What needs to be done => Print, word for word, the line containing "Green Beer T-Shirt" and all lines beneath it to the end of the entries below. Pictures do not belong in the copy.

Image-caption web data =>
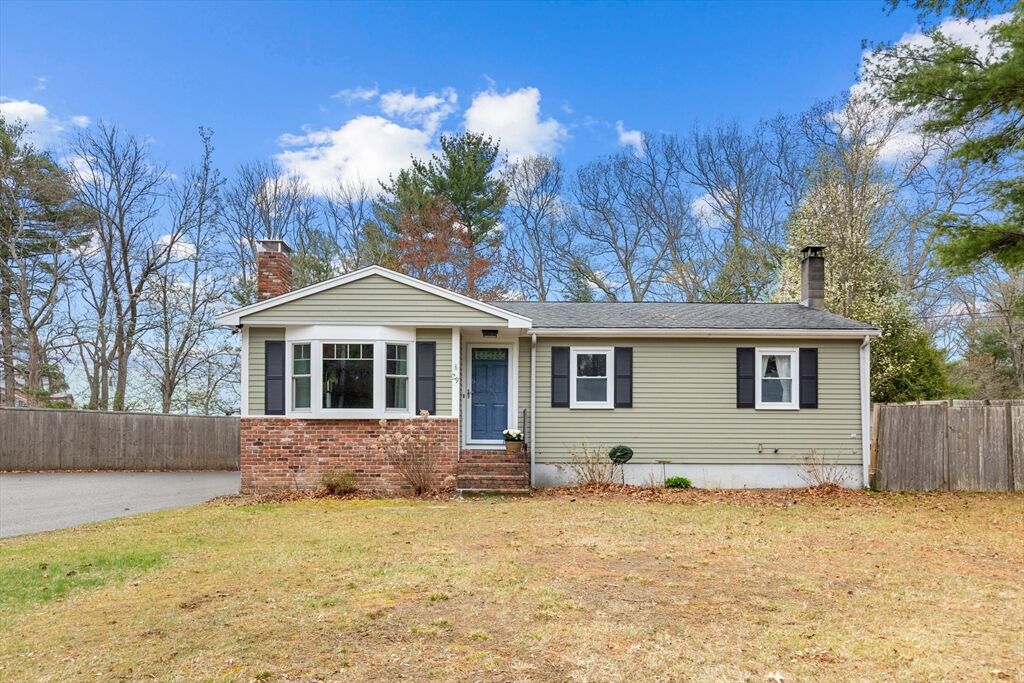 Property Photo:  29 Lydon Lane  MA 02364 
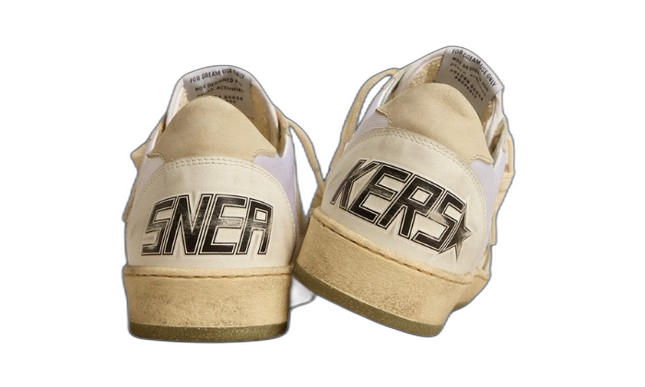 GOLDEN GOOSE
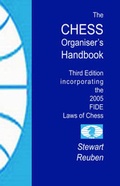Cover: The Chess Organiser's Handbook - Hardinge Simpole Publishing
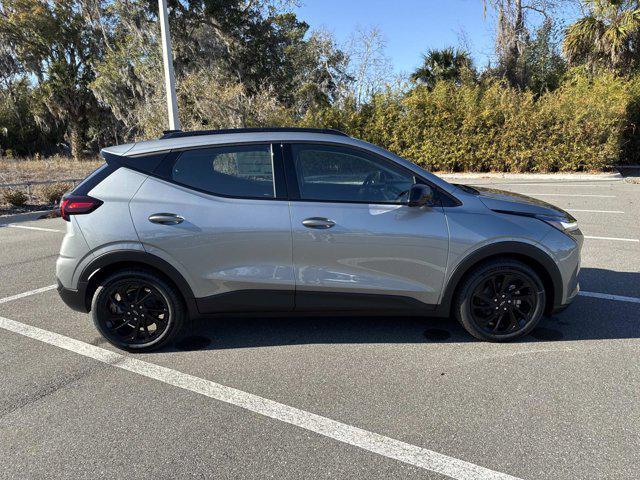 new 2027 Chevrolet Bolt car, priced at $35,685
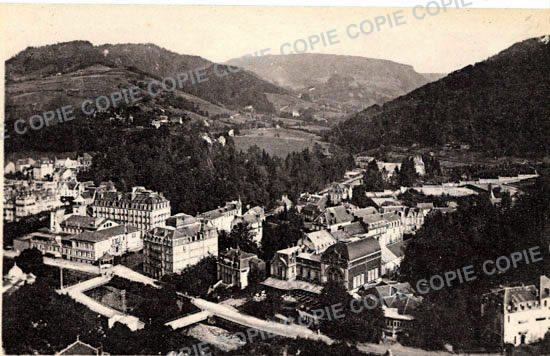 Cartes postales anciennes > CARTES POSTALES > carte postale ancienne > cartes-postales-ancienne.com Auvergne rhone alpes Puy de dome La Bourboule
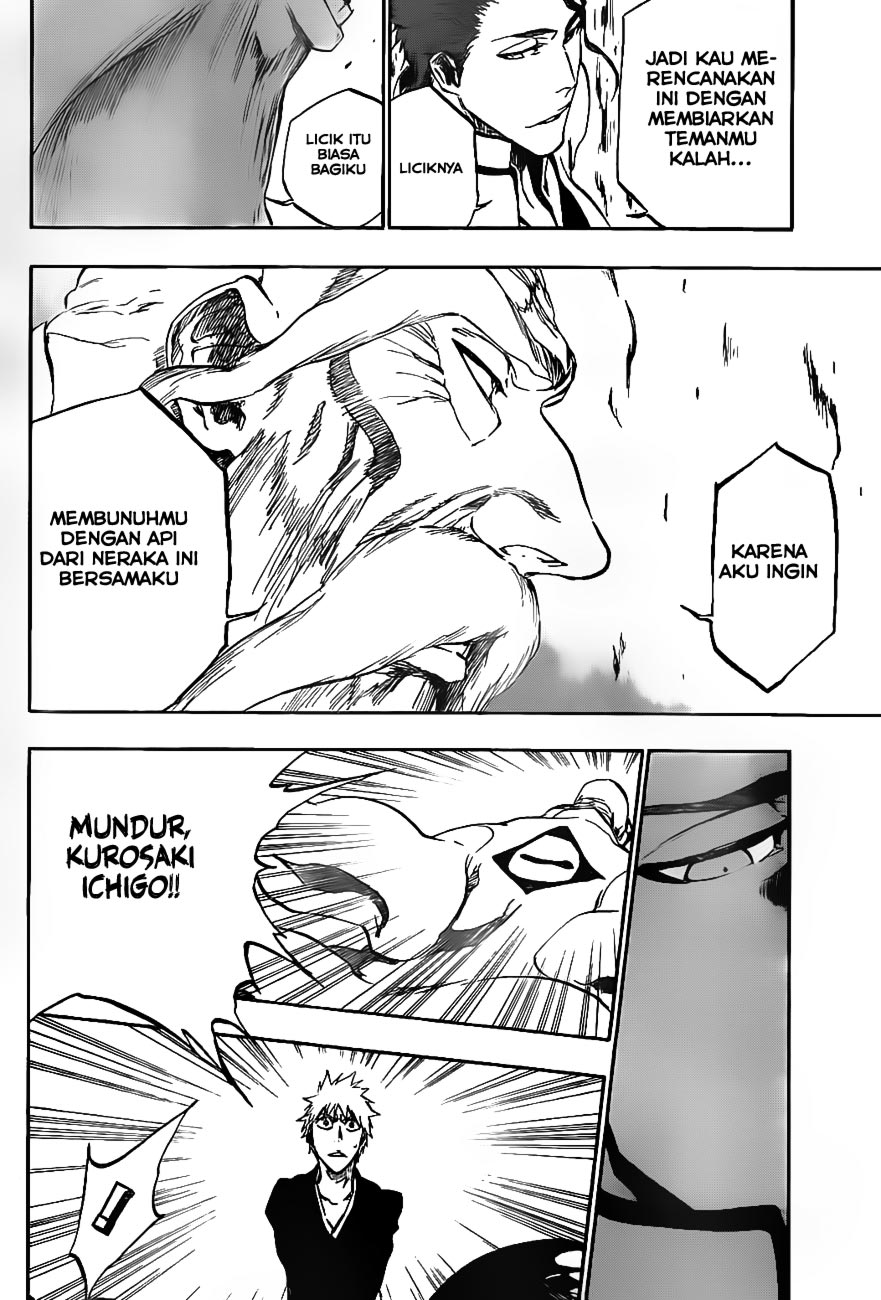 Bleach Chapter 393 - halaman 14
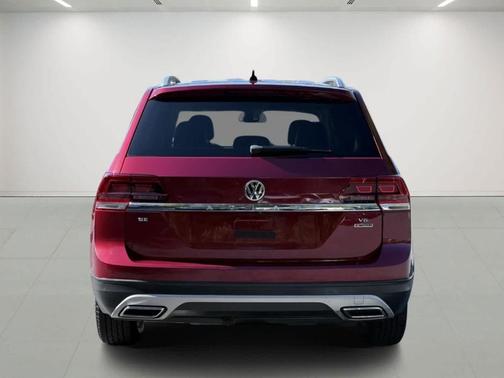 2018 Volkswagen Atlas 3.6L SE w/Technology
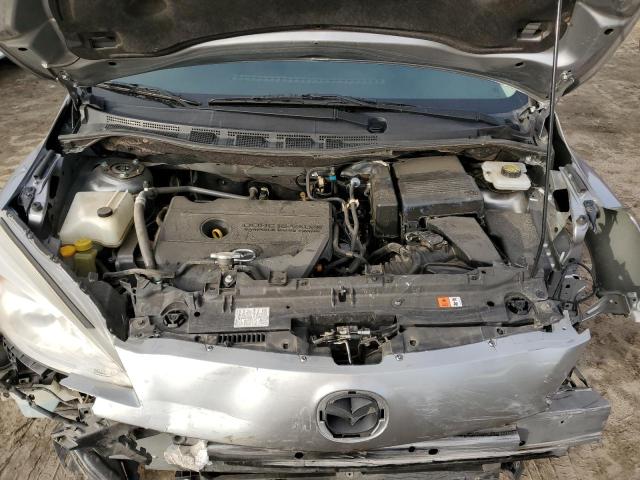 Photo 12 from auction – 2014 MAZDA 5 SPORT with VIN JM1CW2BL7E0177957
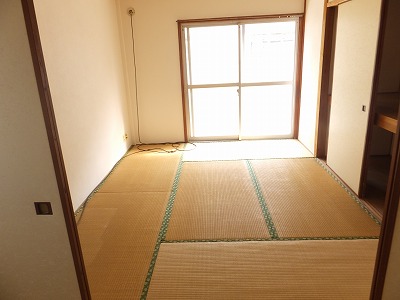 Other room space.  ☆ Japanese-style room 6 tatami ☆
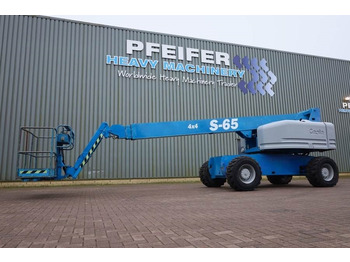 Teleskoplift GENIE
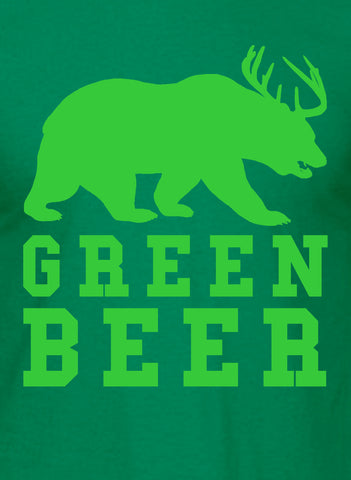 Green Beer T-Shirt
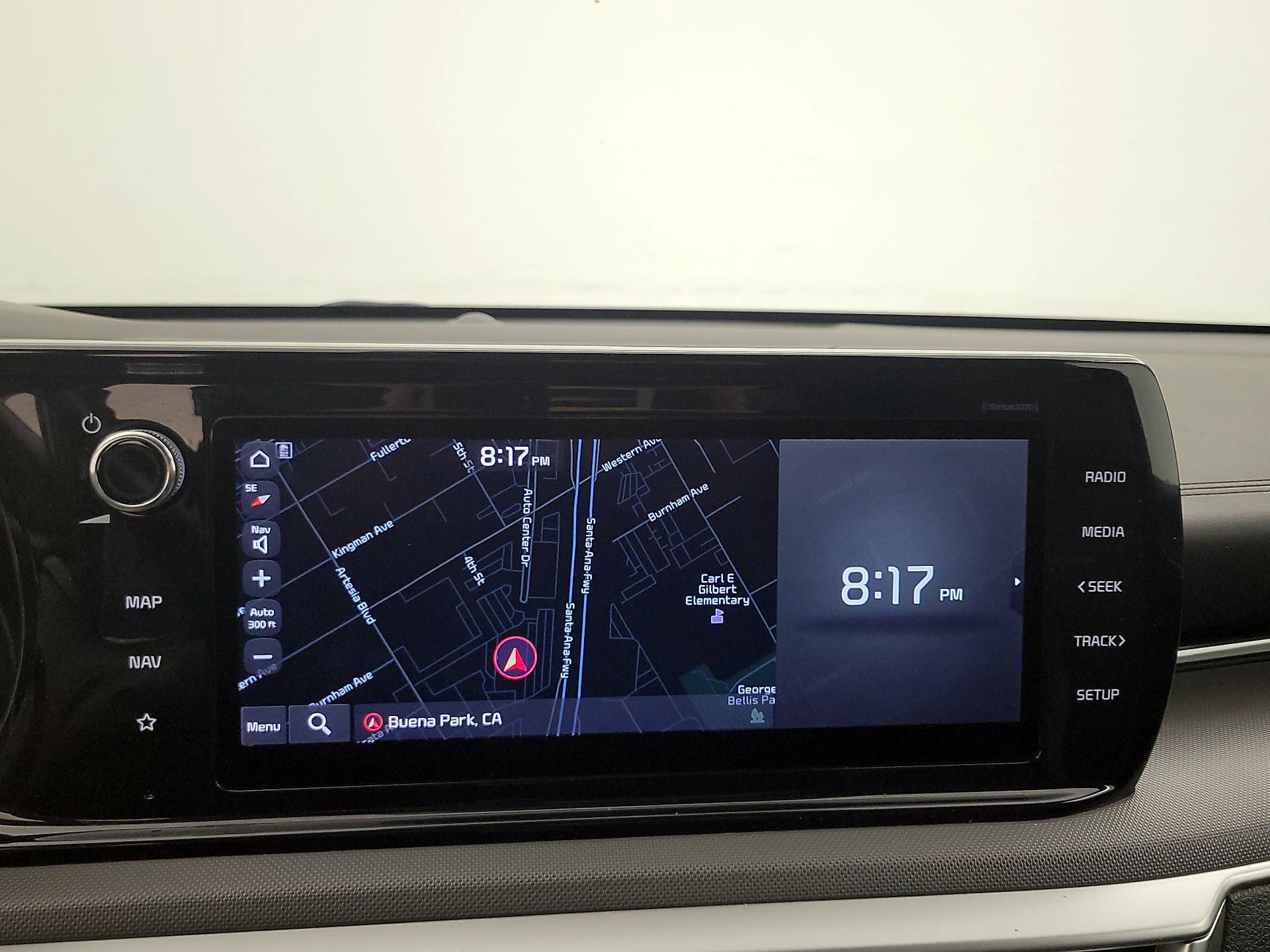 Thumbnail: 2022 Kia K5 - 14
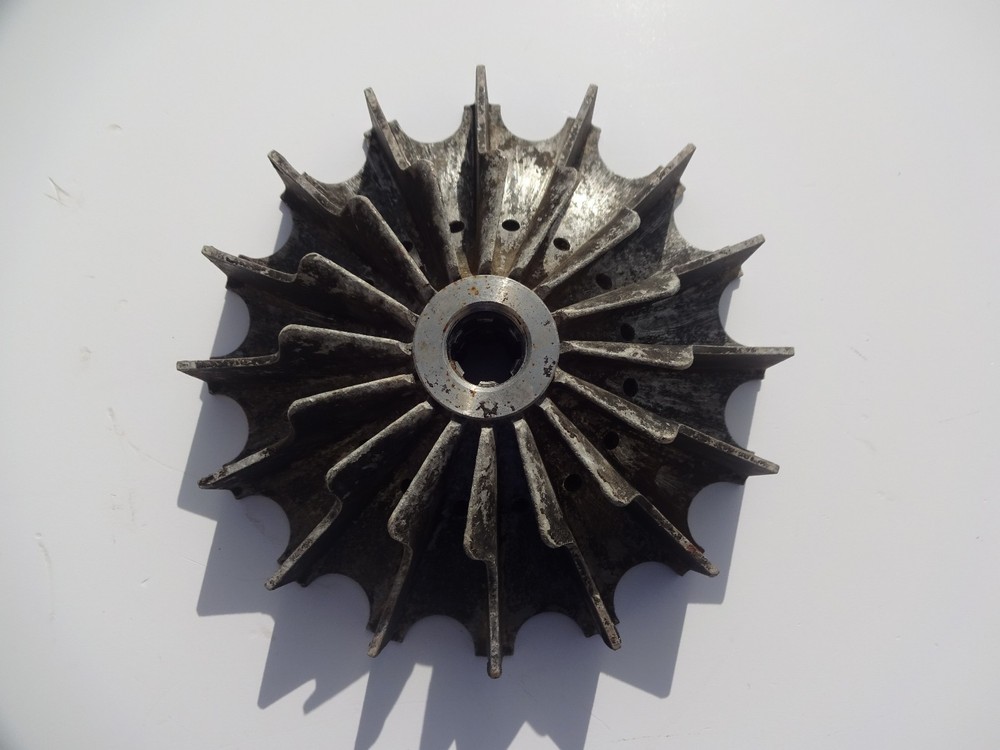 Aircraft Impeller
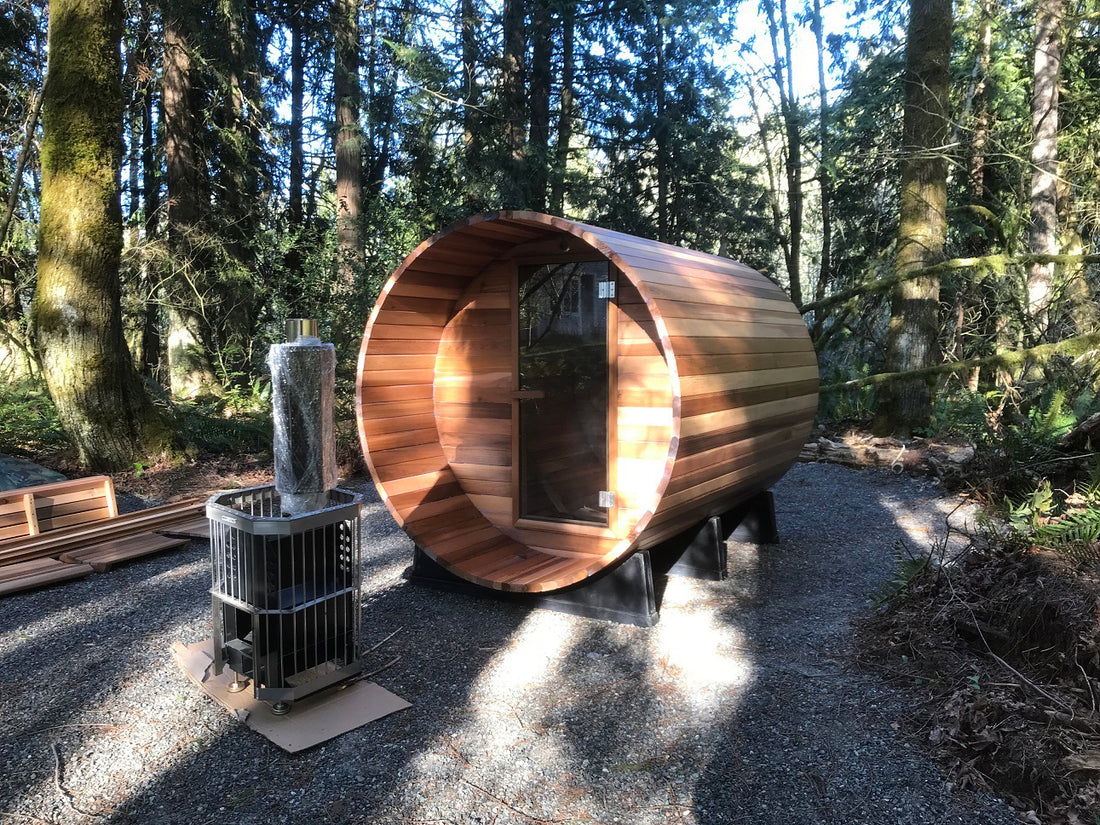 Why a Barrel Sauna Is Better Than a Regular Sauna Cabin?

Answer for the task =>
 Green Beer T-Shirt
 Thumbnail: 2022 Kia K5 - 14
 Aircraft Impeller
 Why a Barrel Sauna Is Better Than a Regular Sauna Cabin?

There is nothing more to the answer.